Here's the Guardian Article -
Jonathan Jones
Monday January 17, 2005
The Guardian
It might seem an unlikely partnership. The American artist Robert Mapplethorpe was portrayed as a deathly, Satanic, sexual predator - and that was just in his own photographs. The Republican "moral right" went further, trying to remove his work from American museums and using him as a whipping boy (which he would probably have enjoyed) against the National Endowment for the Arts. David Hockney is a far cosier character in British culture - the most articulate and personable artist we have, who if anything suffers from his own projection of niceness and common sense.
Recently Hockney has been conducting a polemic against photography, arguing that digital cameras finally expose the naive nature of its claim to truth. So, having expressed his doubts about photography, he curates a photography exhibition.
Far from a retraction, however, it is a subtle argument about art and the camera. Mapplethorpe was a real artist who ruthlessly imposed his own vision on the world - as much of a stylist as any painter. Hockney's selection of Mapplethorpe's work, from cock shots to portraits of celebrities, from Arnold Schwarzenegger to Louise Bourgeois, makes certain painters look, well, photographic.
The point is well taken.
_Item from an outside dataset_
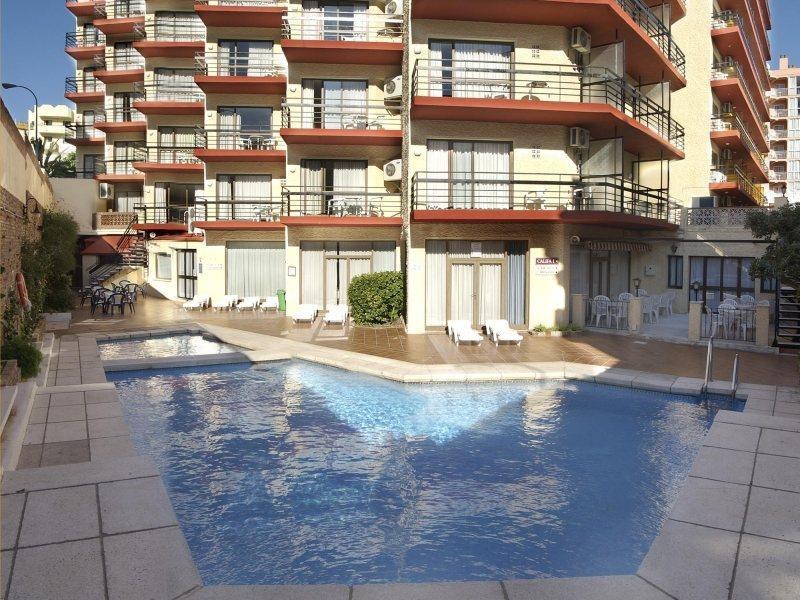 Kross Medina Azahara Torremolinos Esterno foto
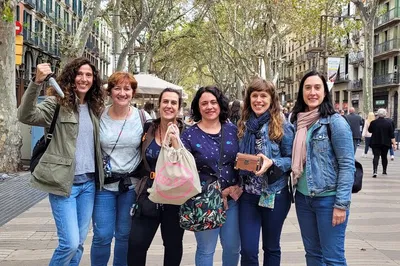 Barcelona Time-Traveling Adventure: An Escape Game in the City!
Great photographs - and Mapplethorpe's look greater and greater - function in the same way as other kinds of art: they are poetic and personal and subjective, like a drawing or painting. Seen through Hockney's eyes, the warmth and humanity of Mapplethorpe becomes visible - even, or especially, in the powerful selection of erotica. At the same time, anyone who thought Hockney was cuddly is disabused.
What I really like about this show is its intimate insight into who Hockney is and the world he has inhabited - one that was never that far from the decadent New York of Robert Mapplethorpe. Hockney and Mapplethorpe were both friends of the art god whose portrait is inevitably here - Andy Warhol. Other friends of Hockney who appear include the bearded curator Henry Geldzahler. Most of all we are reminded that sex and death, Mapplethorpe's subjects, are Hockney's subjects too.